§ Material for the task
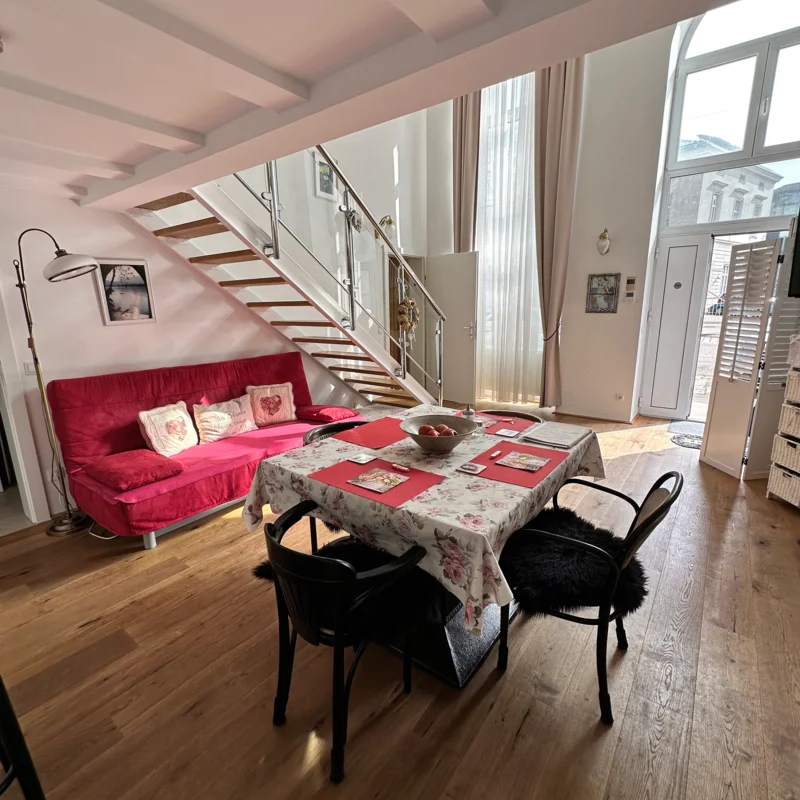 Man sieht die gemütliche Wohnküche mit teilweise Jugendstil Möbeln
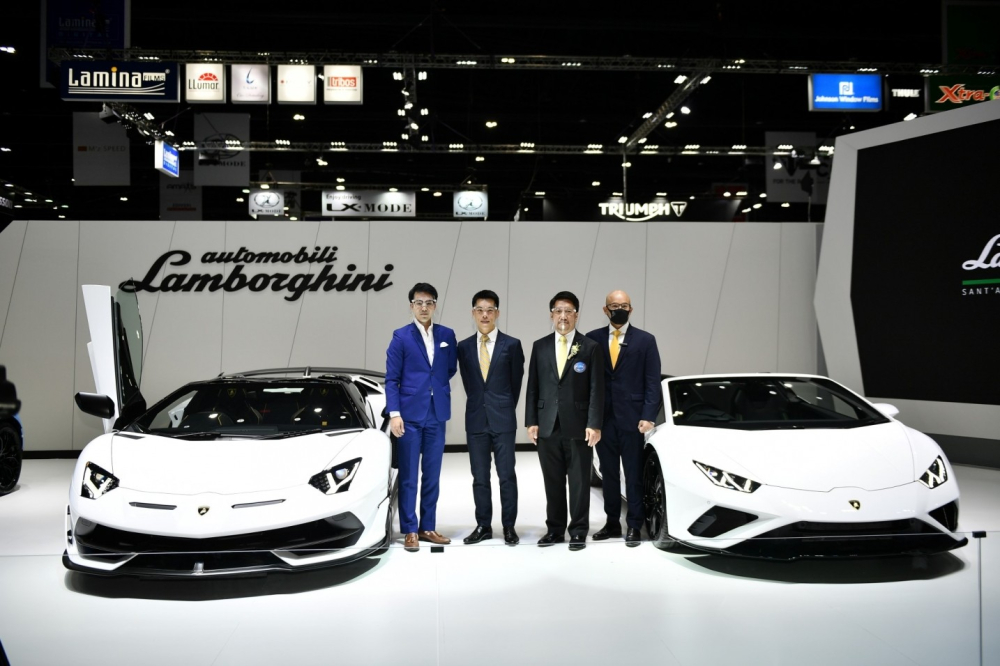Triển l&atilde;m Bangkok Motor Show 2020 đ&atilde; khai mạc v&agrave;o ng&agrave;y 16 th&aacute;ng 7 năm 2020 sau khoảng 4 th&aacute;ng tạm ho&atilde;n v&igrave; dịch Covid-19. Mặc d&ugrave; thiếu v&agrave;i h&atilde;ng xe tham dự nhưng nh&igrave;n chung, 25 thương hiệu c&oacute; mặt tại triển l&atilde;m xe lớn nhất Đ&ocirc;ng Nam &Aacute; cũng mang đến m&agrave;n tr&igrave;nh diễn ấn tượng cho người xem. Khỏi phải n&oacute;i giới m&ecirc; xe tại Th&aacute;i vui mừng đến chừng n&agrave;o khi triển l&atilde;m Bangkok Motor Show 2020 c&oacute; gian h&agrave;ng của Lamborghini.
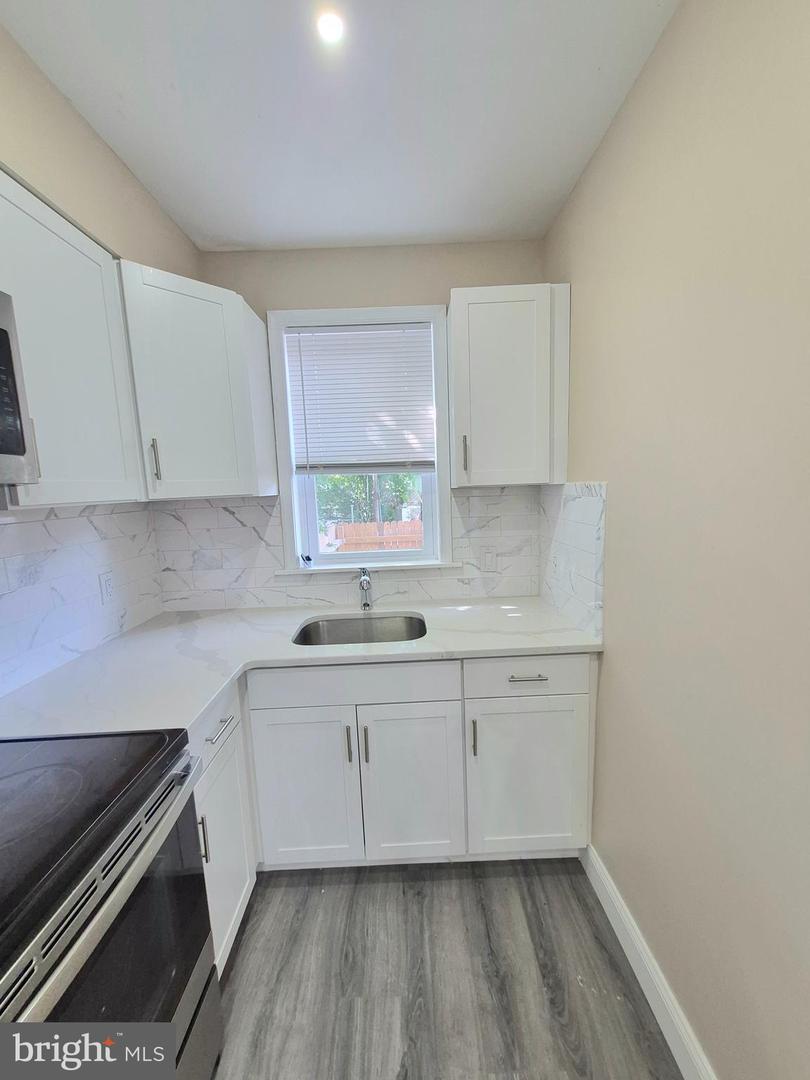 6136 Walker St Property Photo 7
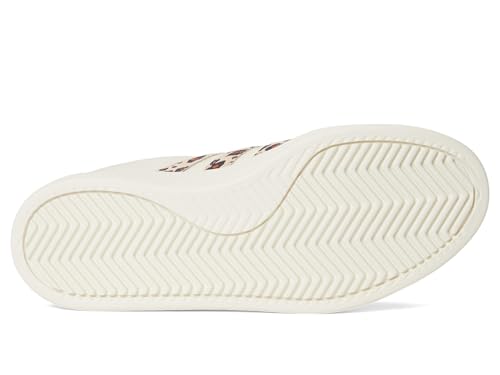 Image of adidas Women's Grand Court 2.0 Tennis Shoe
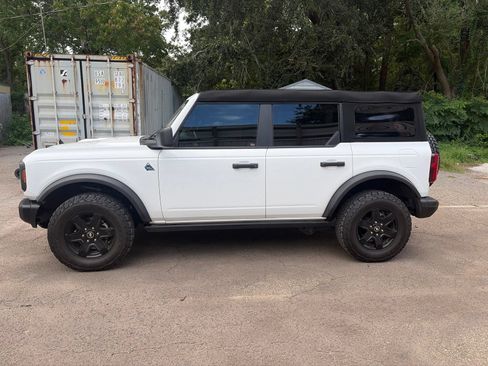 Used 2024 Ford Bronco Black Diamond AWD/4WD image 3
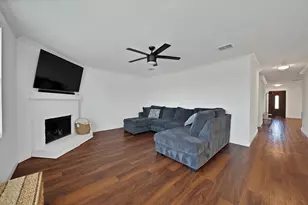 1120 Bumble Bee Dr, Lancaster, TX 75134 - Photo 14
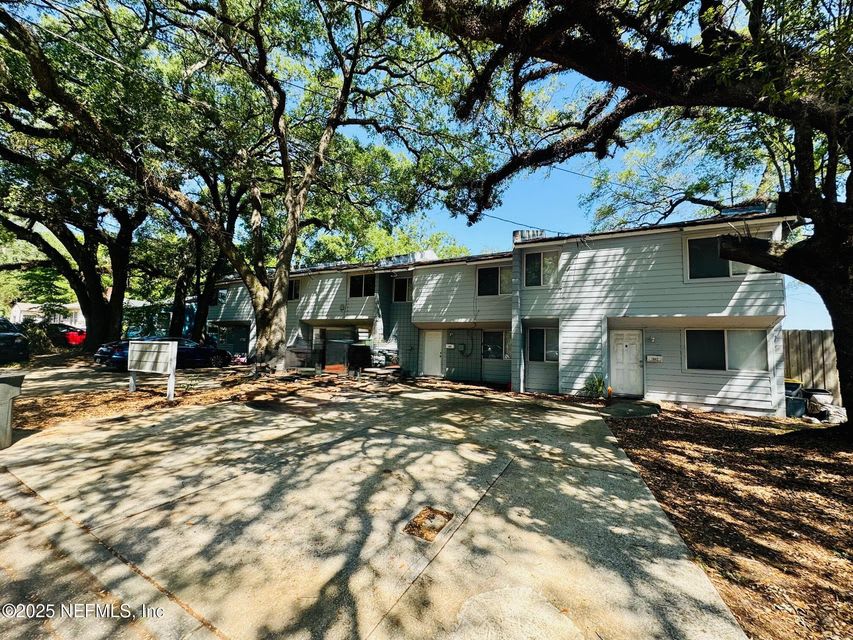 1643 East 16th Street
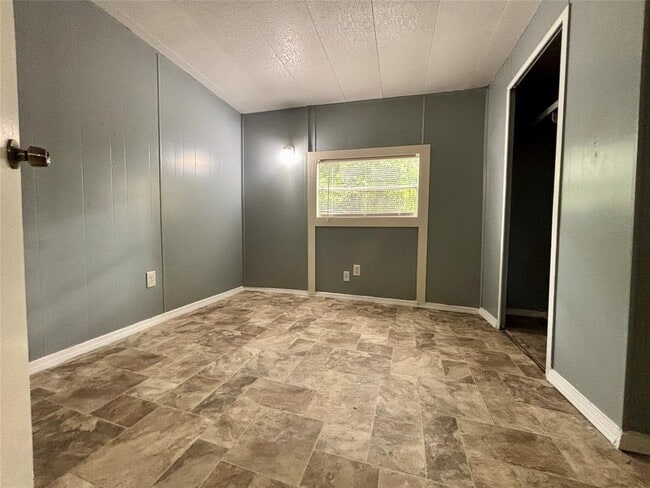 Building Photo - 13405 Commander Cir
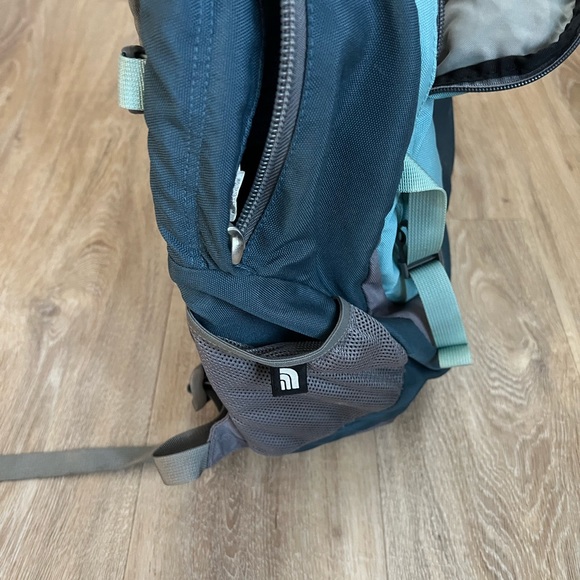 Northface backpack Light Blue multi-colors - Picture 10 of 10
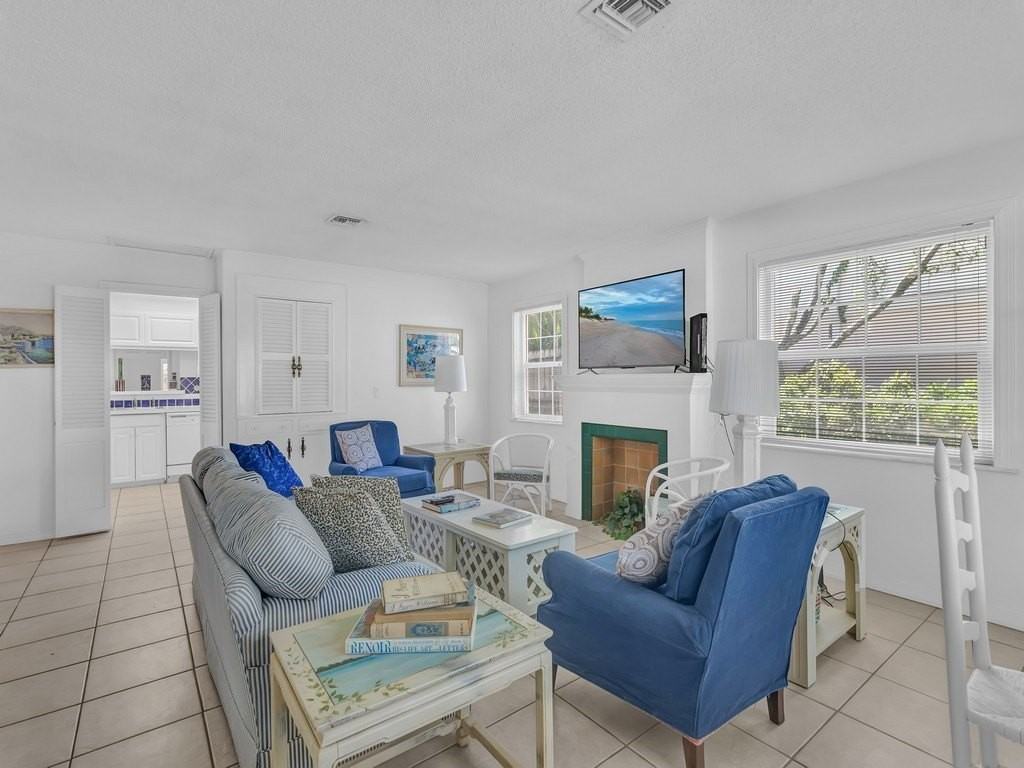 798 Bougainvillea Ln - Photo 4 of 25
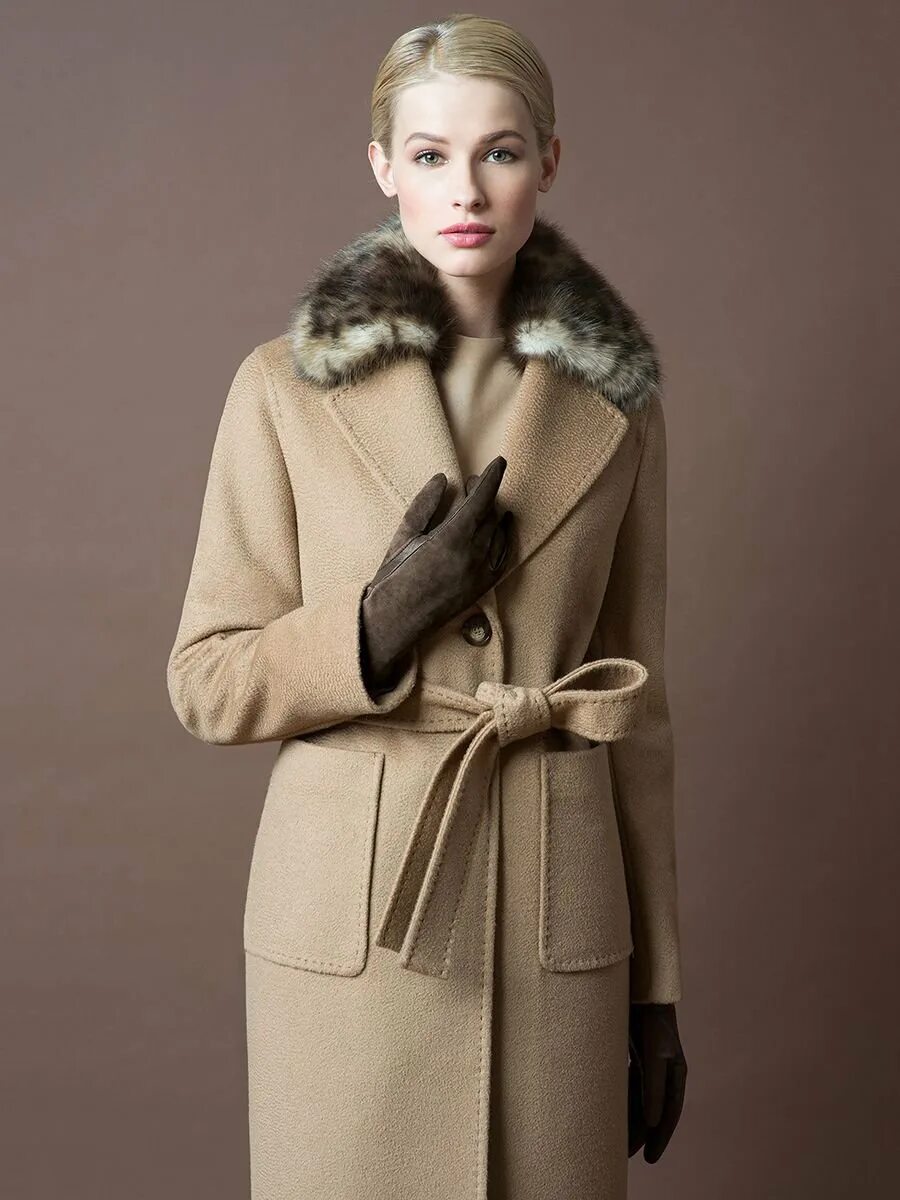 Женское пальто с воротником купить. Pompa пальто Camel. Пальто pompa демисезон кэмел. Pompa пальто зима. Пальто кэмел женское pompa.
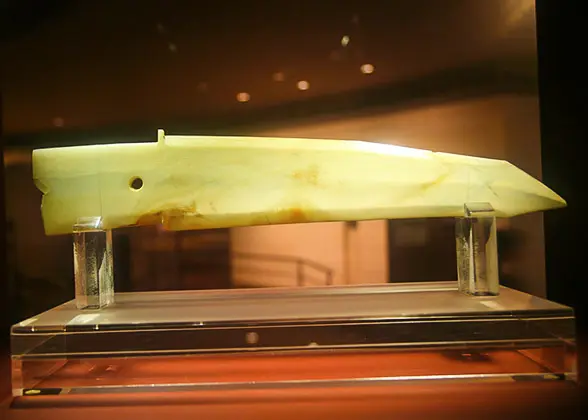 Jade Dagger-axe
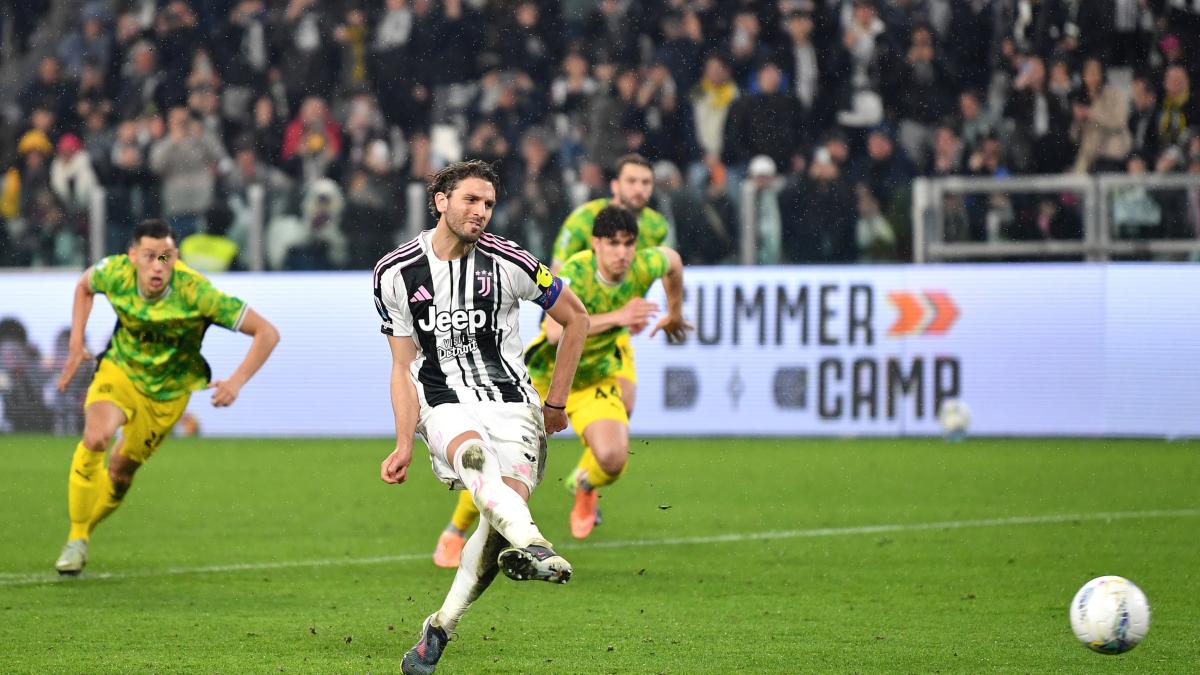 Juventus a încheiat partida cu Sassuolo la egalitate, 1-1, într-un meci în care echipa lui Luciano Spalletti a avut șansa de a obține trei puncte esențiale în lupta pentru locurile de cupe europene, dar a ratat oportunitatea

§ Work required
Within the listing above, print exactly the stretch beginning at the line that contains "1643 East 16th Street" and finishing at the line that contains "Jade Dagger-axe", ends kept, pictures left out, and nothing more.

§ Task result
 1643 East 16th Street
 Building Photo - 13405 Commander Cir
 Northface backpack Light Blue multi-colors - Picture 10 of 10
 798 Bougainvillea Ln - Photo 4 of 25
 Женское пальто с воротником купить. Pompa пальто Camel. Пальто pompa демисезон кэмел. Pompa пальто зима. Пальто кэмел женское pompa.
 Jade Dagger-axe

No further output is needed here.